Despite a budgetary surplus of 18.5 billion euros, Germany’s contribution for the continued funding of the Global Fund to Fight AIDS, Tuberculosis and Malaria (GFATM) was only moderately increased. German civil society is appalled by Germany’s limited commitment to end AIDS by 2030
Berlin/Munich, 15.09.2016: Setting an end to the epidemics of AIDS, TB and Malaria only merits another 25 million euros more as Germany’s annual core contribution. This is the sad conclusion that has to be drawn from today’s announcement by the Head of the Federal Ministry for Economic Cooperation (BMZ).
On the occasion of the ‘Future Conference’ held in Munich, Minister Müller announced an increase for the replenishment period 2017 to 2019 from presently 600 million euros to 800 million euros for the GFATM: “This is an important contribution for the GFATM. However, a closer look shows that the increase by 200 million euros is only a one-off affair and cannot be regarded as a significant rise in Germany’s long-term contribution. Based on preliminary information, debt-to-health swaps as well as Germany’s technical support for the Global Fund were for the first time calculated into Germany’s contribution. The actual increase of the core contribution therefore only amounts to a meagre 25 million euros annually“, says Astrid Berner-Rodoreda, Spokesperson for Action against AIDS Germany.
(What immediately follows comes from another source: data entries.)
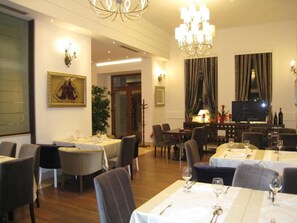 Restaurant - Kotoni (Tirana)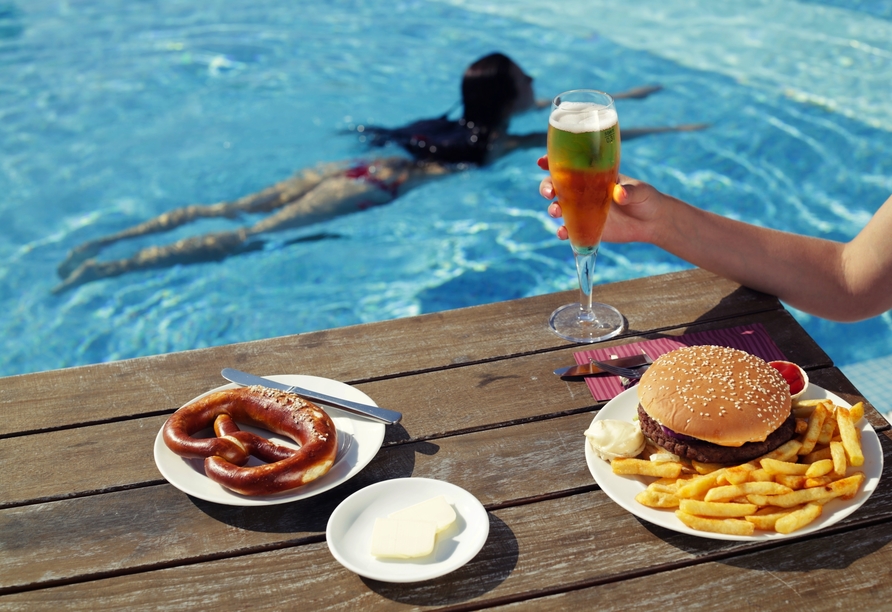 Leckeres Essen aus dem Poolbistro.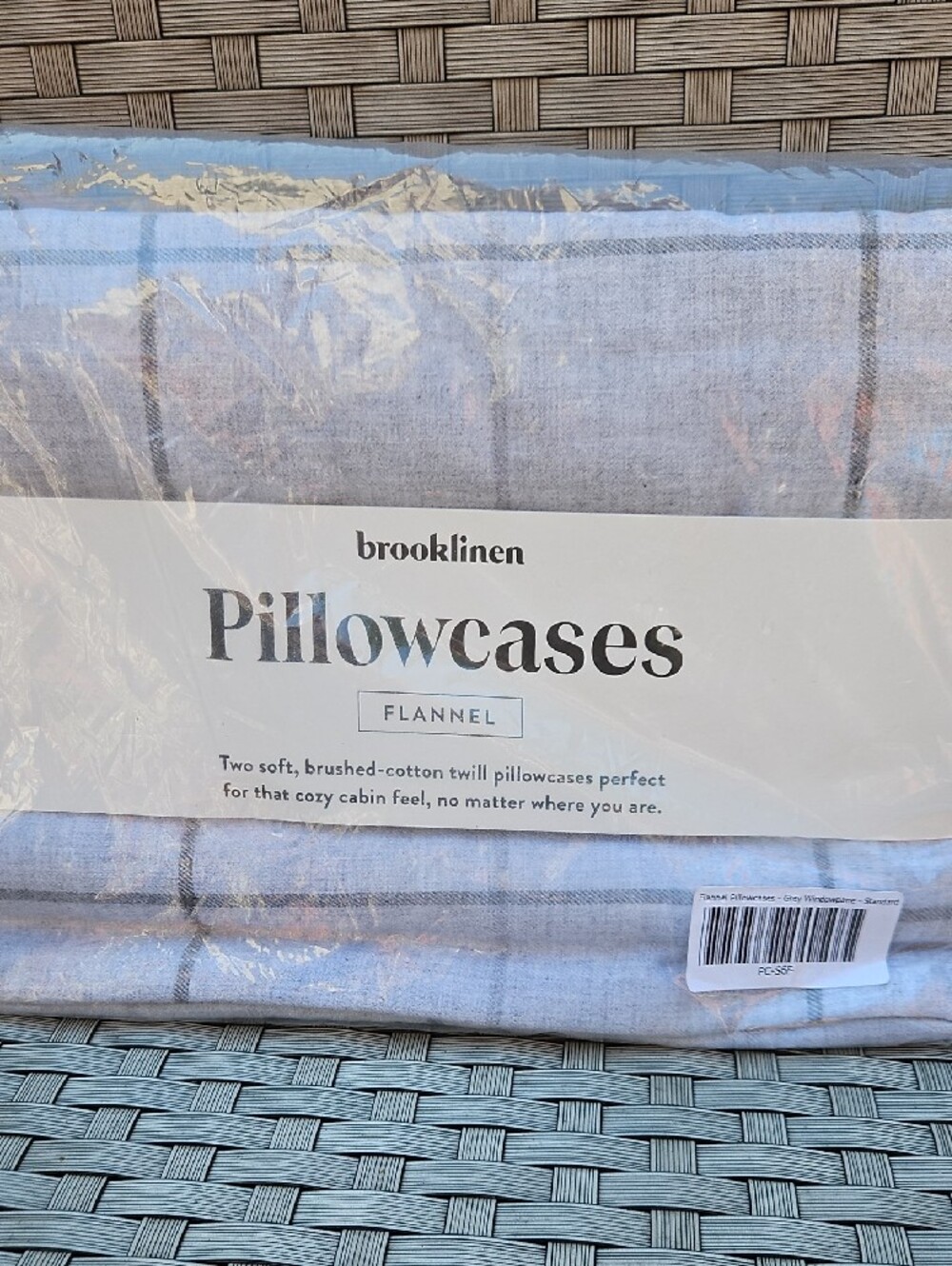 New Brooklinen 2 Flannel Pillowcases Light Grey Window Pane Pattern Standard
In view of full budgets and the proven success of the Global Fund, this is certainly a serious disappointment. The insufficient commitment by the German Government will mean that the Global Fund will not be able to save human lives to the scale it had foreseen. Our attention now focuses on Chancellor Merkel. We expect her to show more support for the most important global issues. The Replenishment Conference for the Global Fund in Montreal, which will begin on 16 September, would provide the adequate framework” says Joachim Rüppel, Spokesperson for Action against AIDS Germany.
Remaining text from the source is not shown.